Only about 2% of doctors today participate in research, lacking the time, funds, and support to launch structured trials. Topography Health wants to fix this problem. Their tech-and-service platform trains and supports community physicians to conduct diverse and inclusive clinical trials in their communities.
BCV led Topography’s $21.5M Series A because we recognize the power of a distributed clinical research model, but also because we believe in the founding team. We recently sat down with Co-Founder and CEO Alexander Saint-Amand to discuss how to get go-to-market right in the healthcare industry.
Before co-founding Topography, you worked for nearly 20 years at industry insights company GLG, where you assembled a network of 170,000 physician experts. Why did you make the jump to entrepreneurship?
For me I’m back to my roots. My co-founders Andrew Kirchner and Mac Parish are all connected to our mission. My mom got very sick when I was in college. She had two problems, on top of her illness itself. First, doctors couldn’t figure out what was wrong. Second, after we figured it out, we couldn’t get her into a trial to test whether a new treatment might help. My mom’s first problem led to starting GLG, with a network of physicians.

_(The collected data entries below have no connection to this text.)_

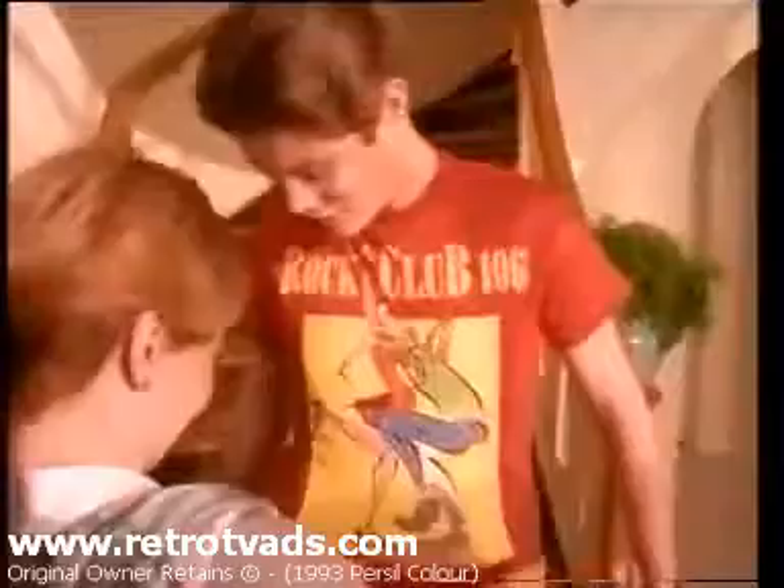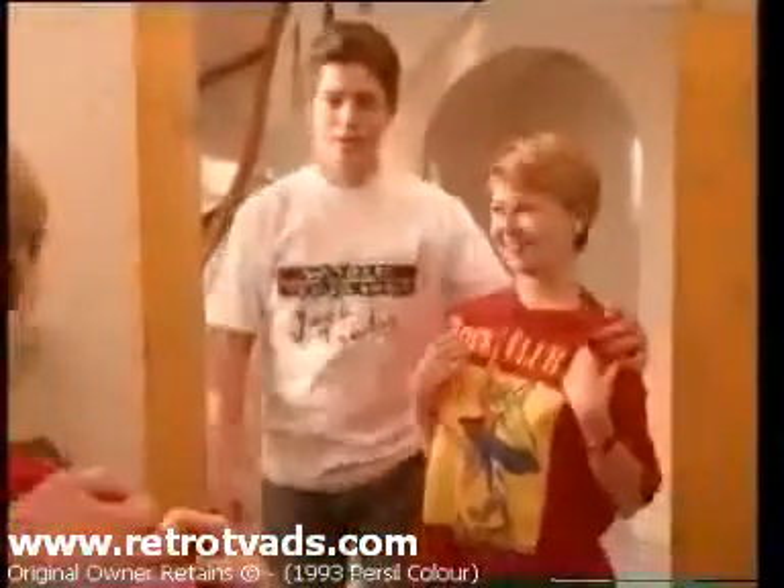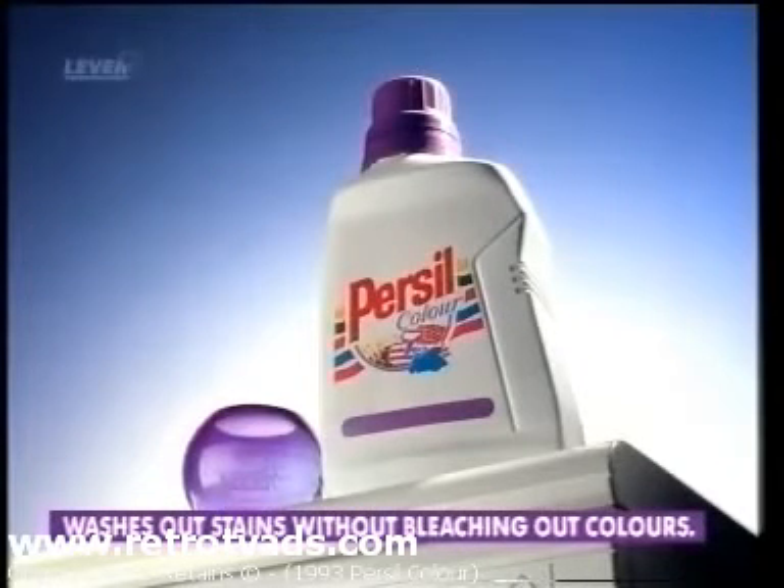Until the day finally came, when he'd just grown too big. And I got to wear it myself. New Persil Color Liquid washes out stains without bleaching out colors.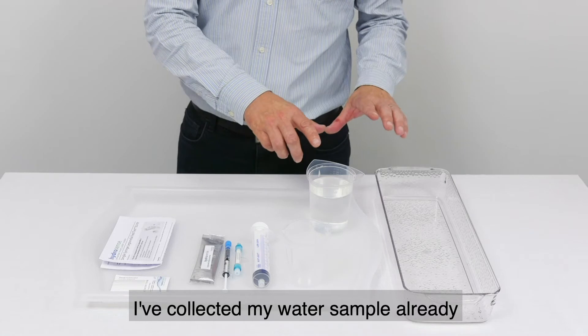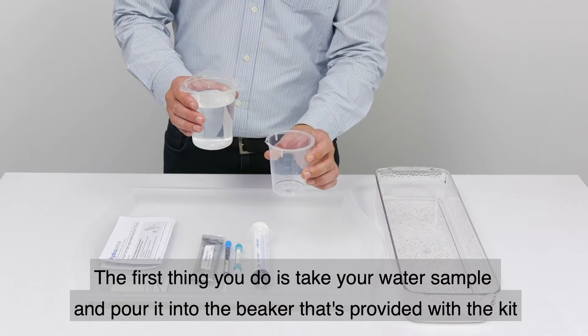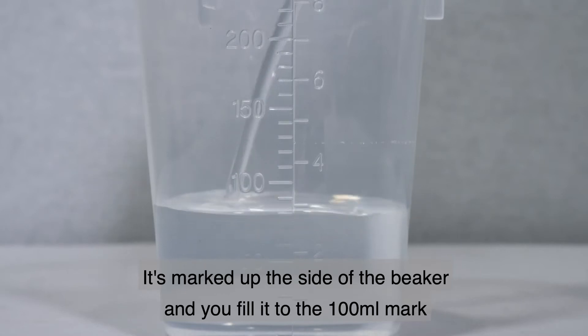I've collected my water sample already. The first thing you do is take your water sample and pour it into the beaker that's provided with the kit. It's marked up the side of the beaker and you fill it to the 100 millilitre mark.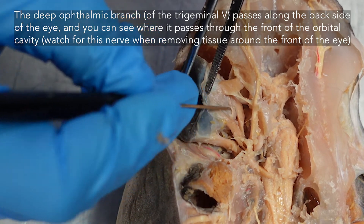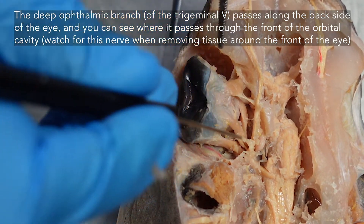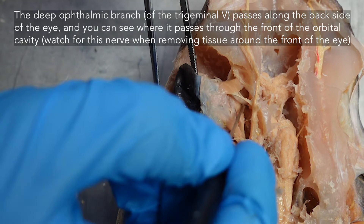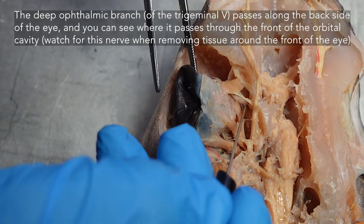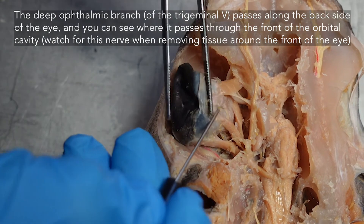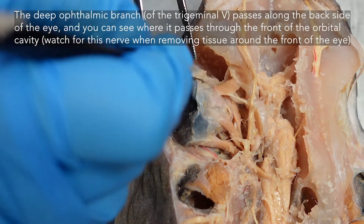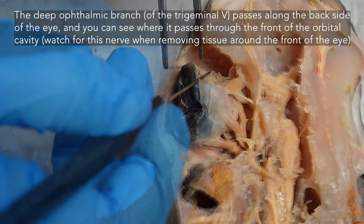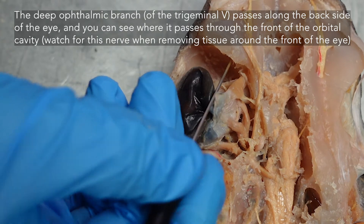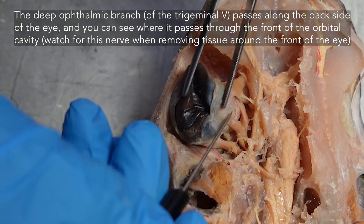If you follow the deep ophthalmic nerve, even though it's going across the back of the eye, notice that it is not going to any of the eye muscles — not to your superior oblique, not to any of the rectus muscles that are moving the eye. Peer down there for the optic nerve — a fairly robust nerve underneath. We're following that deep ophthalmic nerve of the trigeminal forward; it continues toward the rostrum and would pass through this anterior orbital shelf running parallel to your superficial ophthalmic trunk.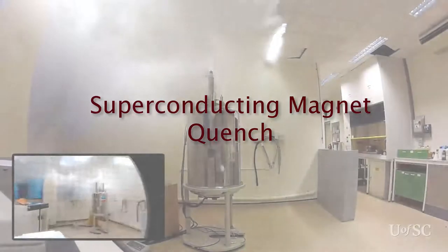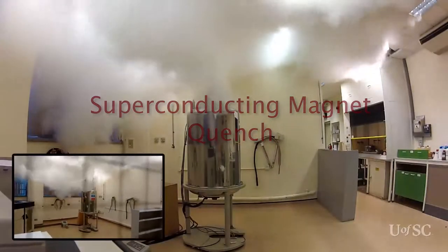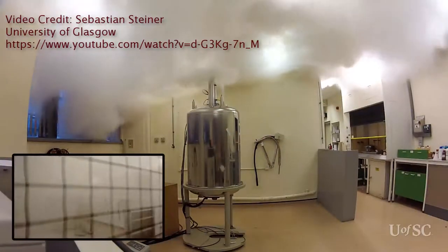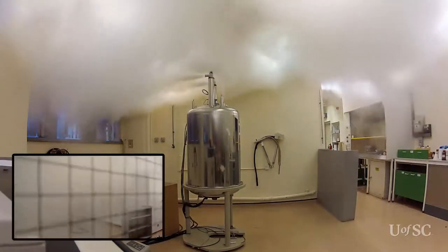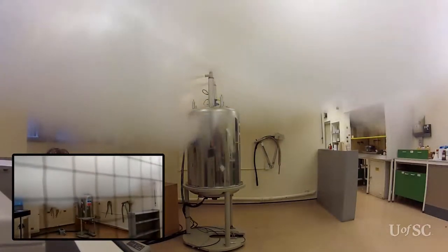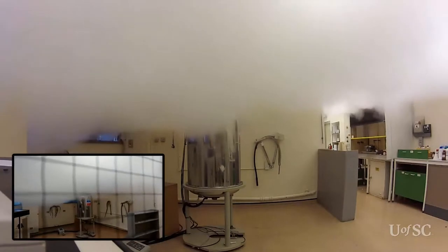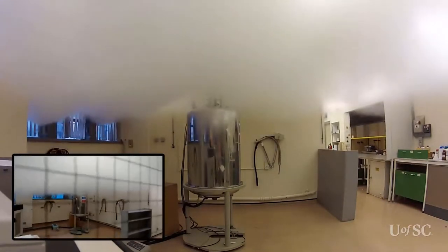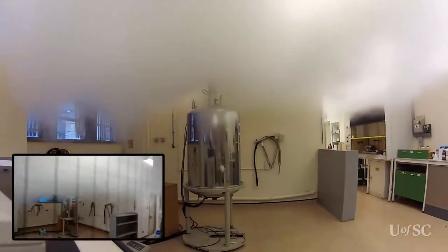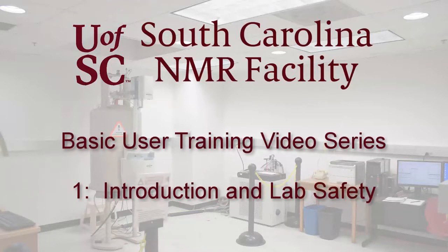NMR magnets are superconductive at very low temperatures. They use liquid helium and liquid nitrogen to stay cold and remain at field. However, rarely they instantaneously lose their field in an event called a quench. During a quench the energy stored in the magnet is released as heat into the liquid helium, causing the helium to boil off rapidly and exit the cryostat. The helium is lighter than air so it usually stays closer to the ceiling; however, it can displace all the oxygen in a room. So if you should see a rapid release of gas from the magnet like in this video, you should exit the lab immediately and contact the NMR staff. Remember the NMR facility is a lab — be aware of your surroundings, respect the magnets and their fringing fields, and read and follow any posted signs in the room.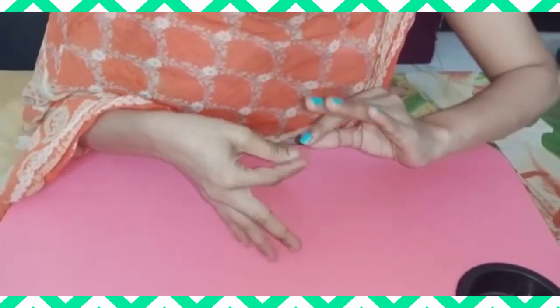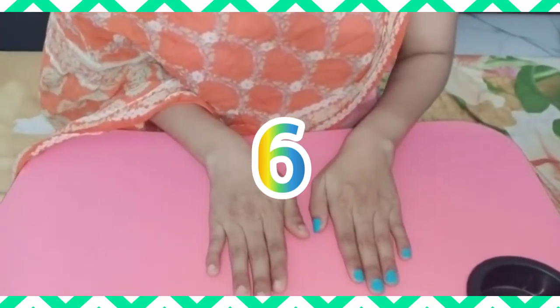Now kids, exercise number six. Like this.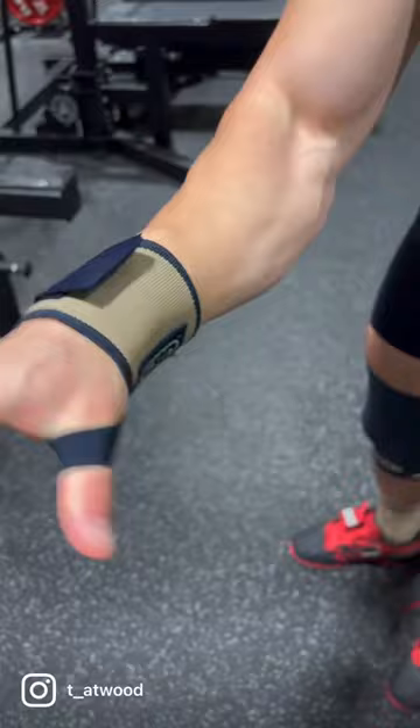Now your wrist isn't going anywhere. And then thumb loop off. And that's it. Hope that helps. Let's go.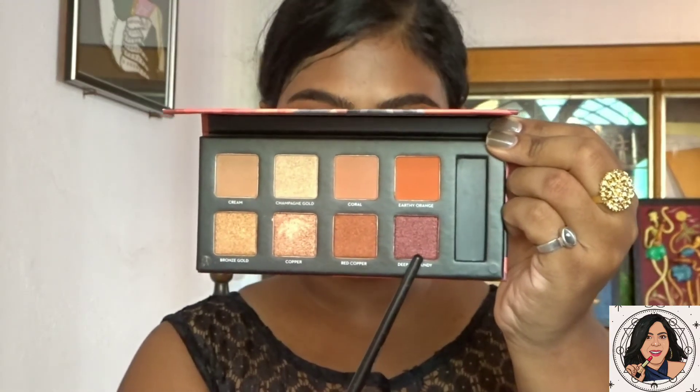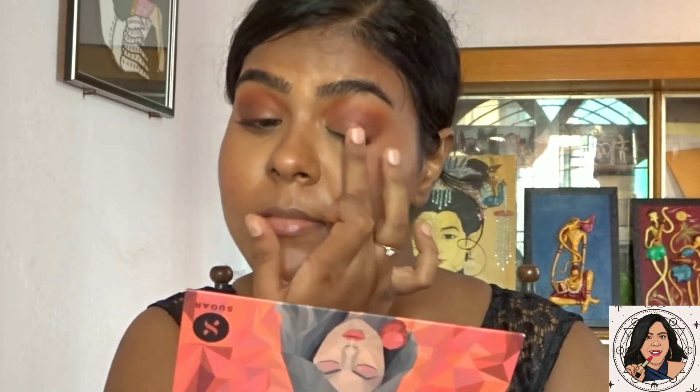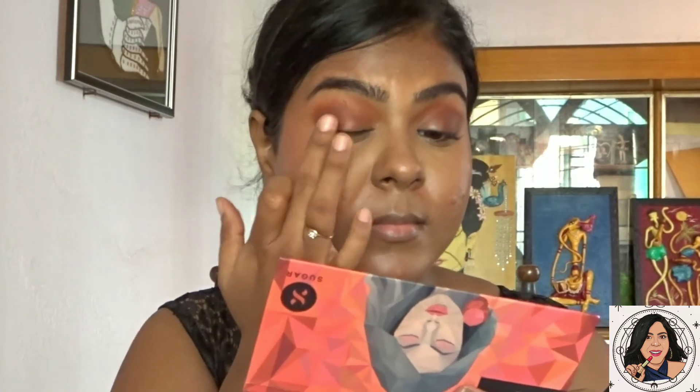Next, from the Sugar palette, I'm taking the deep burgundy shade — a beautiful shimmer — and applying it with my fingers from the middle to the outer portion of my eyelid to give it a sheen and darken the outer corners.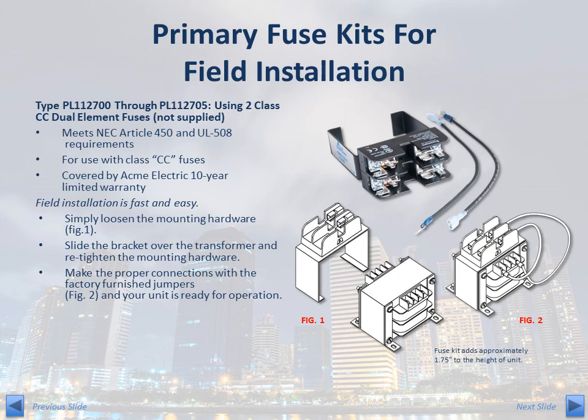ACME Electric can help with your fusing needs by providing fuse kits designed for field installation or by assembling a fuse block on the transformer at the factory. Field installation of primary fusing for your TB Series can be accomplished using the PL1127 series primary fuse kit. These kits include a mounting bracket, a fuse block designed to use class CC fuses, and the necessary jumper wires. Installation is fast and easy. Once the transformer is installed, simply loosen the mounting hardware, slide the bracket over the transformer, then retighten the mounting hardware. Next, use the factory furnished jumper wires to make the proper connections. Your TB Series transformer is now ready for operation.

Now at Topography we’re tackling the second problem, which is the severe lack of physicians involved in trials, and, as a result, the subsequent lack of access for patients.
What unique challenges do startups in the medical field face and how are you tackling them?
Focus is a tough concept in a healthcare startup. You have to focus on one challenge, but you have to engage the whole ecosystem, and the whole human experience for a patient or provider. We focus on creating a new and incredible experience for doctors doing research, and their patients. But we work with doctors who work in practices and systems, with highly varying degrees of experience and infrastructure.
We’re building Topography around how doctors already work, integrating it with the tech platforms they use, and ensuring that the overall experience is, for lack of a better word, joyful. That takes both focus and breadth.
What is one decision you got right in the early days of company building?
Our team. My co-founders and I have distinct and complementary skills, but, most importantly, we really like one another and work well together. We’ve all built companies and products at different stages, from seed stage all the way through to large companies.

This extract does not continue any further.